本

『大きなかぶ』

ホンとの本

『大きなかぶ』
チェーホフ
小宮山俊平訳・ヨシタケシンスケ絵
理論社
\1300+
2017.2.

 またまたショートセレクションのシリーズ。今度はチェーホフ。チェーホフといえば「カモメ」や「ワーニャ伯父さん」といった戯曲が頭に浮かぶが、こちらは短編小説。れっきとした小説だと言える。ただ、収録された作品は、長さがまちまちで、ごくごく短いものもあれば、数十頁に及ぶものもある。
 だが、やや長いからといって、展開がいろいろあるというよりも、案外それは単純であるために長さを感じないという印象があった。短くても、そして心情としての変化がその中にはさほどなくても、痛々しくて、長い物語のように感じるものもあった。この辺り、やはりチェーホフの腕というものなのではないかと思う。
 タイトルの「大きなかぶ」については、私も騙された。その経緯は「訳者あとがき」に種明かしがされているので、ここでは明かさないが、パンチの効いた極小短編であった。それは、ロシアの一部の人間に対する、強烈な皮肉であり、揶揄でもある、という理解でよろしいだろうか。
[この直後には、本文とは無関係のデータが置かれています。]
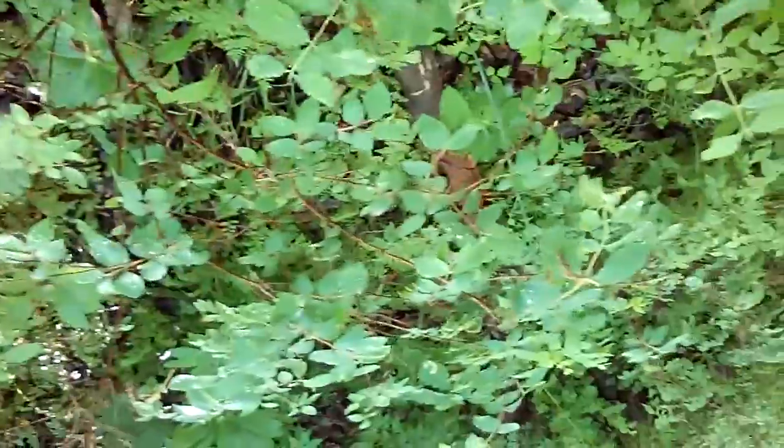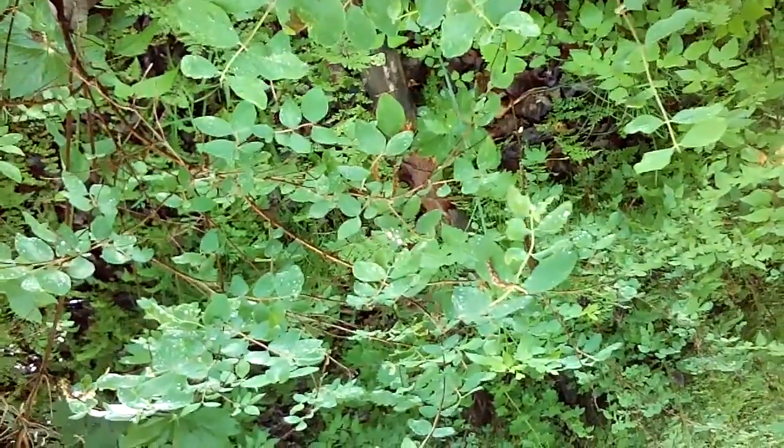I am still working on identifying some of this because we don't have some of these where I'm from. As I travel around the Ozarks I get to go to different places in the woods — they have different kinds of plants I've never seen before. Y'all sure have a lot of ferns up here, and something called grouse berries.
その意味でも、お洒落であるに違いない。
 その訳者の言ったことであるが、従来別の訳で知られていたタイトルのものが、ここには全く別の題名になって収録されているものがあるという。従って、チェーホフの短編をこれまでお読みになったことがある方は、あの話だったのか、と気づくことがおありではないかと思う。その他、小学生にも読めるようなふりがななどの配慮もあってか、一読して分かりやすい翻訳を工夫してあると思われ、だからまた、大人にとっても非常に読みやすいもみのとなっている。ただ、今回の本は、内容に「おとな」の領域のもの、つまり色恋にまつわるもの、しかもその内容があまり世間体によろしくないようなものがいくつもあり、そのままお子様の目に触れるのはどうだろうか、とも思われた。
 また、必ずしも結末が解決にはなっていないものも目立ち、それがチェーホフの持ち味であるのかもしれない。大団円でストンと胸に落とすものがあるというよりも、さあこれからどうする、という問いかけが心に残るのである。それで、この哀しみをこの後どうすればよいのか、と悩むことがあったが、考えてみれば、それは私自身の胸の内そのものであるとも言える。読者は、物語の人物の哀しみや重たい気持ちを、そのまま自身の実生活の感情の中に、持ち込んでしまうのである。
 物語をできるかぎり明かさないという前提でご紹介すると、これくらいのことしか言えないような気がする。ただ、ヨシタケシンスケ氏のイラストは、いつもながら冴えている。だのに、表紙の「大きなかぶ」のイラストの中にある異常なものに、当然初めから気がついていなければならなかったのだが、それを味わっていなかったために、してやられたということになった。
 このシリーズ、まだ何冊か読んでいないものがある。楽しみなようで、読んでしまうのが惜しいようで、複雑な心境である。